The participants for the January chats were wonderful and we were so honored to have Dave Burgess and his wife, Shelley Burgess, joining in on our discussions. Their comments and contributions greatly enhanced our chat experience. It was the first time I had ever discussed a book while the author was chiming in! We also had teachers, administrators, and even some university students who all found common ground with this amazing read. Many thanks to the participants who shared their creative ideas, epic fails, and thoughts and ideas regarding “piratehood” in education. The connections that I have made just in our first month alone have been so fantastic and I continue to learn and share resources with many of them.

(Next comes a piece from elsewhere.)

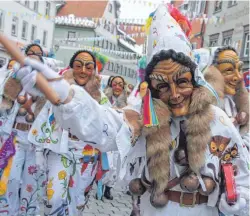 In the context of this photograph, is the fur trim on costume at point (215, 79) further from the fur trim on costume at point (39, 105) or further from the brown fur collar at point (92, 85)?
the fur trim on costume at point (39, 105)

The first half of the book is Dave Burgess’ “manifesto” on teaching. His passion and enthusiasm definitely seem to leap from the pages and I found myself reaching for highlighters and sticky notes as I read. There were many aha! moments reading and it’s hard to read this book and not feel pride in what we do everyday as educators. Dave uses the acronym PIRATE to explain each facet of being an amazing teacher and he gives many personal examples of what that looks like in the classroom. Throughout our chats, we shared many of our own personal anecdotes that show how this plays out in our various educational spaces. The second half of the book is full of “hooks” and strategies that can be implemented right away into any classroom. I was actually surprised to learn that Dave is a high school teacher and happy to be reminded that even high school students should be experiencing curiosity and a love for learning. The chat participants also shared some of the new things we are going to try and the back and forth exchanges definitely helped me flesh out how this was going to work in my classes.
After reviewing the archives, here are the big takeaways from #TBookC’s Teach Like A Pirate “discussion” …
- Teaching is all about relationships. We need to work to establish positive relationships with our students as well as with our colleagues if we’re going to be amazing teachers. Part of establishing relationships has to do with giving all of ourselves to our students. They know when we’re faking or not giving them our full attention.
- Staying in our comfort zone is NOT where it’s at. As educators, we expect our students to try new things, experience failure, and learn from their mistakes every day. It’s important that we do the same and do it out in the open so we can model the important learning that goes on when we push ourselves.
- Creativity is not a magic pill! Everyone can be creative but it shouldn’t be expected to just happen overnight. We need to be thoughtful and set up a method of nurturing creative ideas.
- A combination of high expectations and fun can, and should, be happening at the same time in our classrooms. Just because you are incorporating art into your math lesson, does not mean you are lowering standards. In fact, often utilizing creative activities actually raises the bar for students and forces them to think and explain themselves in different ways.
Be passionate about teaching and learning and surround yourself with others who are also passionate. Don’t let yourself get hung up in the politics and educomplaints of the day. Be daring, be caring, and find others who are too. They will make you better at your craft, which will make kids better learners, which is what it’s all about!